Why it matters - If you have a read replica it won’t have the same cache as the leader. This can work great as you can send queries to it and it’ll optimize its own cache. However, if you’re using it as a failover when you do have to failover you’ll be running in a degraded mode while your cache warms up. Running pg_pregwarm against it on a periodic basis will make the experience when you do failover a much better one.

Refresh materialized view concurrently

Materialized views just came into Postgres in 9.3. The problem with them is they were largely unusable. This was because they 1. Didn’t auto-refresh and 2. When you did refresh them it would lock the table while it ran the refresh making it unreadable during that time.

Materialized views are often most helpful on large reporting tables that can take some time to generate.

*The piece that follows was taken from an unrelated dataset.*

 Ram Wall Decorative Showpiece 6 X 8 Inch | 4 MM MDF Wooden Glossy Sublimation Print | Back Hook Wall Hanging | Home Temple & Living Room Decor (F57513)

Often such a query can take 10-30 minutes or even more to run. If you’re unable to access said view during that time it greatly dampens their usefulness. Now running REFRESH MATERIALIZED VIEW CONCURRENTLY foo will regenerate it in the background so long as you have a unique index for the view.

Ordered Set Aggregates

I’m almost not really sure where to begin with this, the name itself almost makes me not want to take advantage. That said what this enables is if a few really awesome things you could do before that would require a few extra steps.

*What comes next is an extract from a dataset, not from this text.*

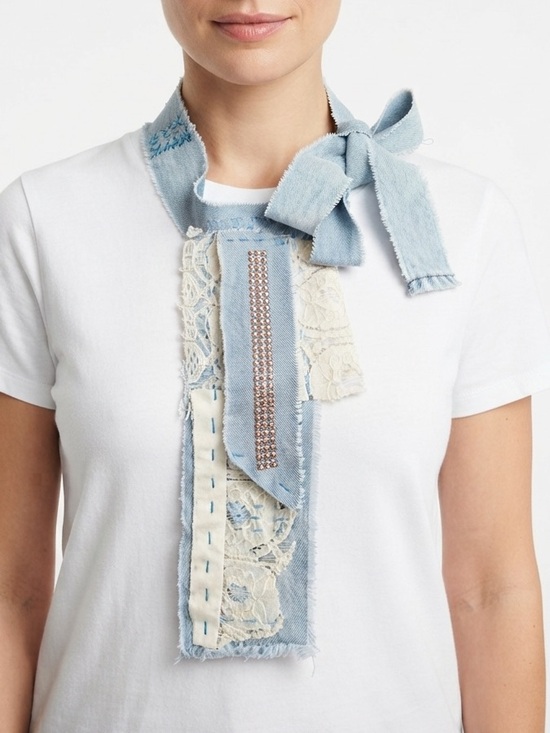 Hand Crafted Accessories - Hand Crafted Necktie Scarf Jabot Upcycled Denim Vintage Lace Artisan OS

While there’s plenty of aggregate functions in postgres getting something like percentile 95 or percentile 99 takes a little more effort. First you must order the entire set, then re-iterate over it to find the position you want. This is something I’ve commonly done by using a window function coupled with a CTE. Now its much easier:

SELECT percentile_disc(0.95) 
WITHIN GROUP (ORDER BY response_time) 
FROM pageviews;

In addition to varying percentile functions you can get quite a few others including:

Mode
percentile_disc
percentile_cont
rank
dense_rank

More to come

As I mentiend earlier the commit fest is still ongoing this means some things are still in flight. Here’s a few that still offer some huge promise but haven’t been committed yet:

Insert on duplicate key or better known as Upsert
HStore 2 - various improvements to HStore
JSONB - Binary format of JSON built on top of HStore
Logical replication - this one looks like some pieces will make it, but not a wholey usable implementation.